I was impatient to go through the main gates into Red Square but Galina held us all up with some unnecessary commentary and so I wandered off ahead of the group and towards the Resurrection Gate (demolished by Stalin in 1931 and rebuilt in 1995) and into a cobbled area next to which on one side was the green and ochre Kazan Cathedral (demolished by Stalin in 1936 and rebuilt in 1995) and the red brick Russian historical museum (which for some reason Stalin didn’t demolish) and in front of me Red Square, a place that I had never dared to imagine that I would ever visit.
Etched in my mind are grainy images from the 1960s of Russia’s annual May Day Parade when a cheerless looking Politburo would sit close to Lenin’s tomb and watch an endless procession of goose stepping troops and weapons of mass destruction that were going to wipe us off the face of the earth troop by in what seemed to be a provocative display deliberately choreographed to create paranoia and fear in the west.
The pictures were always dull, grainy and grey and my image of Moscow was always that it was a lacklustre, soulless and dreary place so what a surprise it was now to find a vibrant and colourful scene, a square brimming with activity and effervescent energy, a vibrant place with happy smiling people, exciting and lively and crowned by the iconic brightly painted onion domes of St. Basil’s Cathedral at the opposite end.
Like a child on Christmas Day finding a pile of presents at the bottom of the bed I wanted to dive in straight away, the sun was shining and I was at last released from the confines of the tour bus and I just wanted to soak it up but Kim was tired and hungry so for the time being I had to concede to the lure of the shopping mall and the promise of a restaurant within.
Not just any shopping mall however but ‘Glavnyi Universalnyi Magazin’ or GUM, the most famous department store in Moscow. The once grim and dingy store filled with the endless queues that epitomised the Soviet era is now a fashionable, airy building full of fountains, flowers, bars and restaurants that stretches along one side of Red Square.

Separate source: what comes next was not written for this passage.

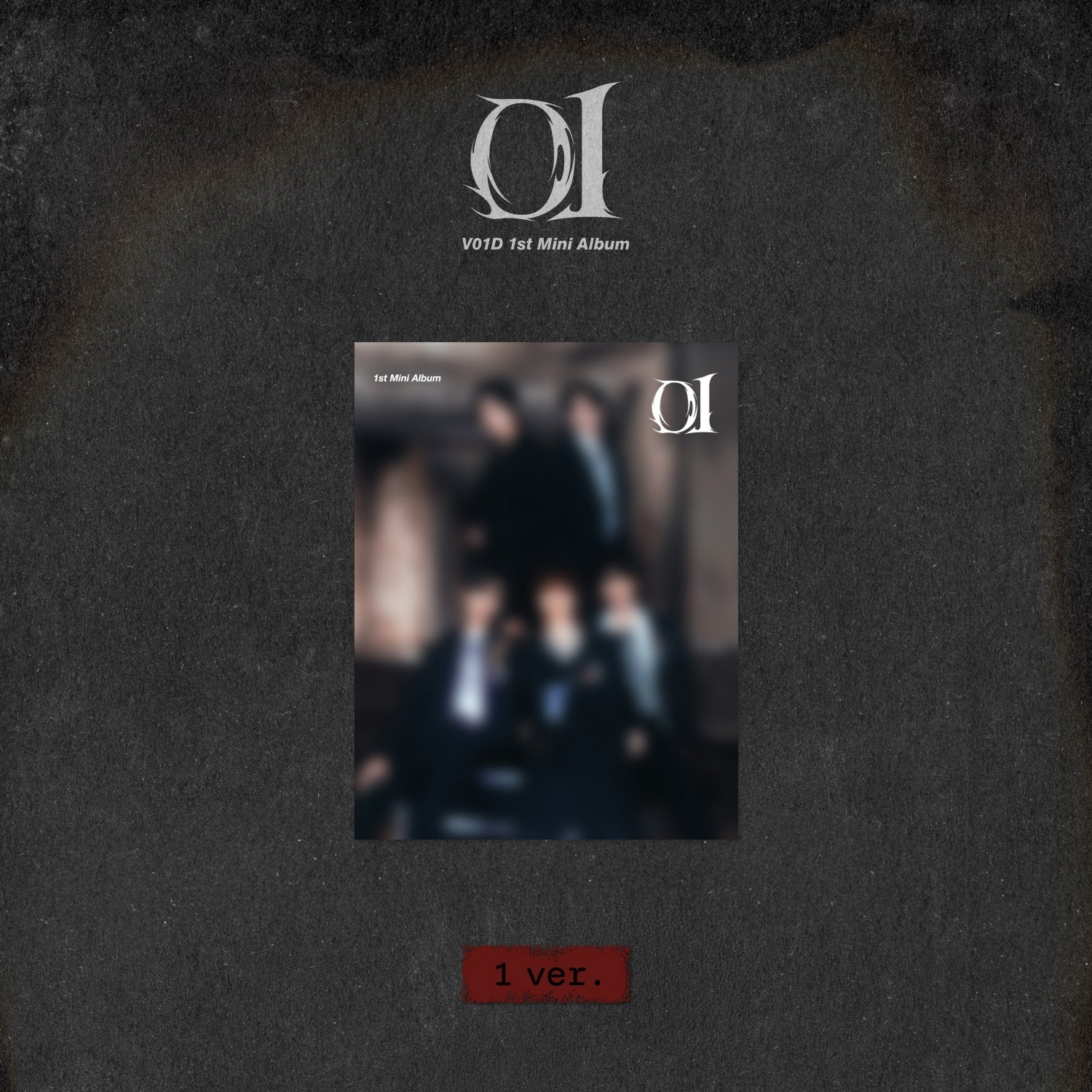 V01D - 1st Mini Album [01] (1 ver.) (EVER ver.) - Kpop Album | Kool Seoul - Buy Kpop Albums Online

This mall was built in the late nineteenth century to replace a covered market and originally contained over a thousand stores. It is built on three levels with a vaulted glass roof and even today resembles a modern cathedral. On this first visit, thirsty and hungry we ignored the rows of designer shops and made for No. 57 CTOΛOBAЯ, the recommended restaurant on the third floor with a noble history of providing good quality, reasonably priced food for the proletariat. We picked up a tray, waited in line, selected our food and took it to our chosen table and it turned out to be really, really good, probably the best meal we had had so far in Russia.
After the meal we left the mall and went back into Red Square where the sun was still shining and we made our way though the security lines which were there on account of a youth sporting event and made our way towards St. Basil’s Cathedral with its complex architectural design and nine iconic domes rising like the flames of a bonfire into the sky.
There wasn’t enough time to go in today so we thought we’d leave that until later but we walked around the exterior, gazing with amazement at the riot of tiered gables, tented roofs and twisted onion domes, each of which contains an individual chapel, and enjoying being in this very special place.
By now it was approaching two o’clock and the appointed rendezvous time with Galina and the coach so we swept through Red Square in the knowledge that we would be back tomorrow to spend more time there, through a street market where once again Kim suffered from indecision about Matryoshka doll selection so we purchased none and back to Resurrection Gate where Galina gathered everyone up in a mother hen sort of way and escorted us back to the coach.